→ **Exercise materials**
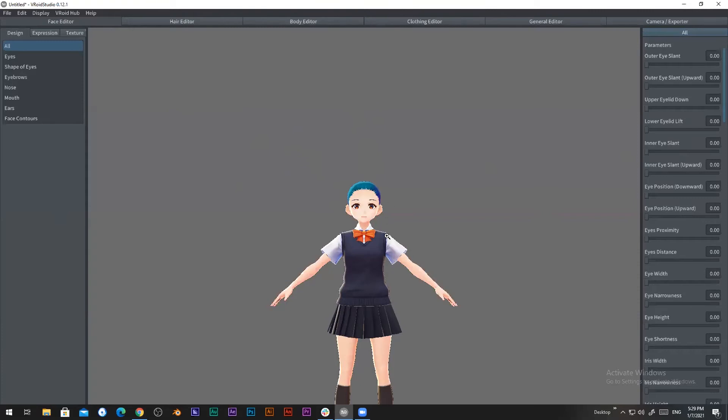From the body editor we can change the overall looks of the avatar. In the coat editor we can edit and design coats and texture them from the UV editor.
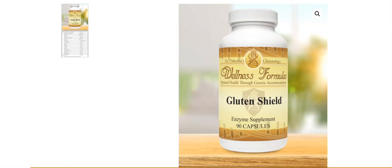Hey everybody, this is Dr. Osborne, founder of Gluten-Free Society. We get a lot of questions about a number of the different products we offer, one of them being Gluten Shield. The question's been coming in a lot: what do I use Gluten Shield for?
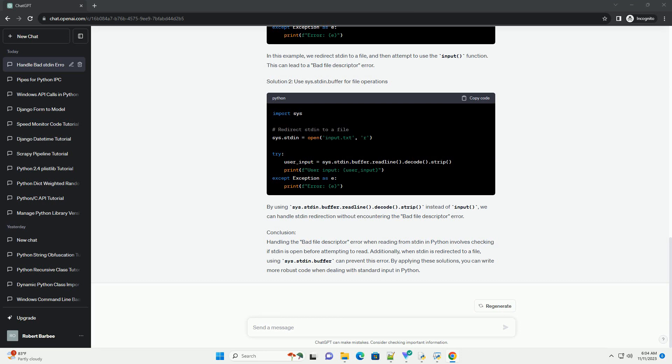Conclusion: By checking the validity of the stdin file descriptor before attempting to read from it, you can gracefully handle the Bad File Descriptor Error in your Python scripts. This ensures that your code is more robust when dealing with various input scenarios.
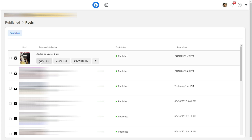Put your mouse over any Reel and you can see it gives you multiple options. You can view the Reel to simply watch it, you can delete it, and you can also download it to your computer. This is a great option if you want to download it and upload it to a drive or use that Reel on another platform like YouTube Shorts, TikTok, or Instagram.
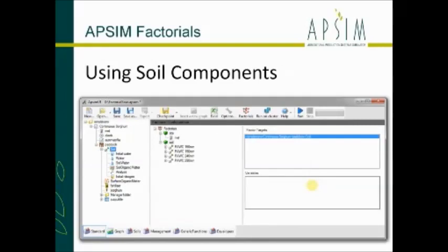Soil components are really simple - it just does a replacement. On the tree you can see the soil node in the middle with four soils as an example. When it creates the simulation, using the target on the right-hand side, it will in turn replace each one of those soils over the target. So it will use 150 mil, then 190 mil, then 240 mil, then 290.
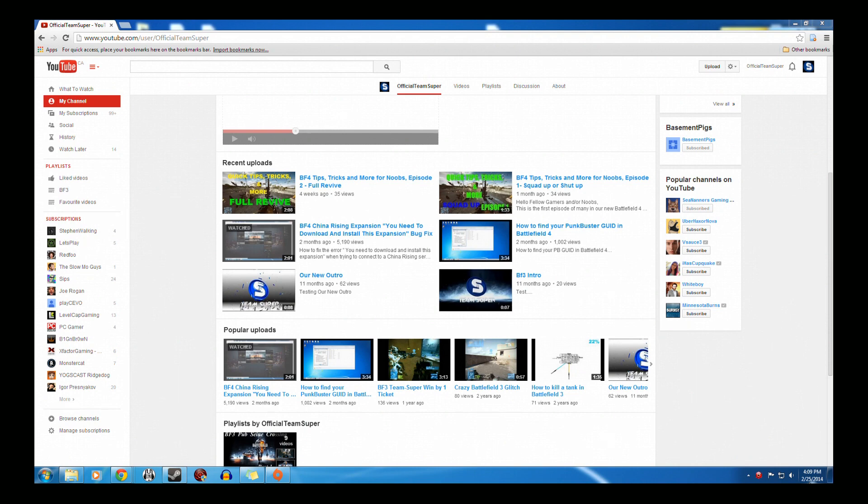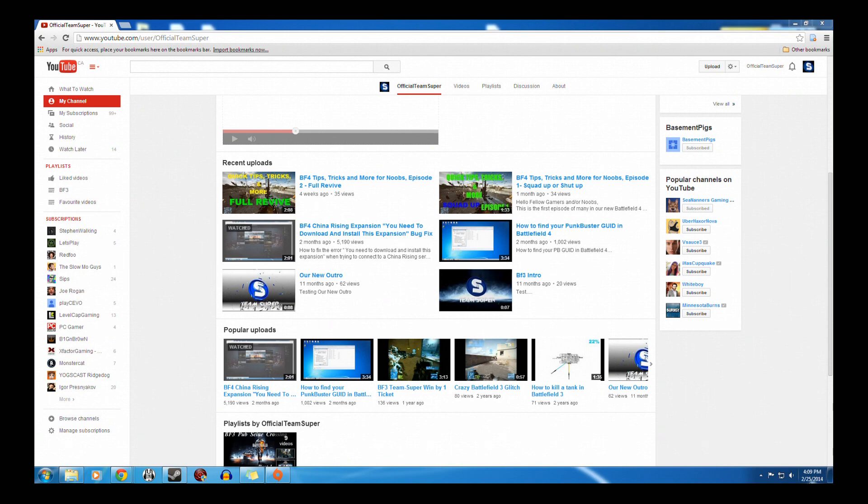It's in response to my previous video, the Battlefield 4 China Rising expansion. You need to download and install this expansion bug fix. I have the fix for the second assault. If you're getting the same error for second assault, you need to download and install this expansion. I have the fix for you.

→ **Task to carry out**
Except for the pictures, print the data above exactly.

→ **Expected answer**
From the body editor we can change the overall looks of the avatar. In the coat editor we can edit and design coats and texture them from the UV editor.
Hey everybody, this is Dr. Osborne, founder of Gluten-Free Society. We get a lot of questions about a number of the different products we offer, one of them being Gluten Shield. The question's been coming in a lot: what do I use Gluten Shield for?
Conclusion: By checking the validity of the stdin file descriptor before attempting to read from it, you can gracefully handle the Bad File Descriptor Error in your Python scripts. This ensures that your code is more robust when dealing with various input scenarios.
Put your mouse over any Reel and you can see it gives you multiple options. You can view the Reel to simply watch it, you can delete it, and you can also download it to your computer. This is a great option if you want to download it and upload it to a drive or use that Reel on another platform like YouTube Shorts, TikTok, or Instagram.
Soil components are really simple - it just does a replacement. On the tree you can see the soil node in the middle with four soils as an example. When it creates the simulation, using the target on the right-hand side, it will in turn replace each one of those soils over the target. So it will use 150 mil, then 190 mil, then 240 mil, then 290.
It's in response to my previous video, the Battlefield 4 China Rising expansion. You need to download and install this expansion bug fix. I have the fix for the second assault. If you're getting the same error for second assault, you need to download and install this expansion. I have the fix for you.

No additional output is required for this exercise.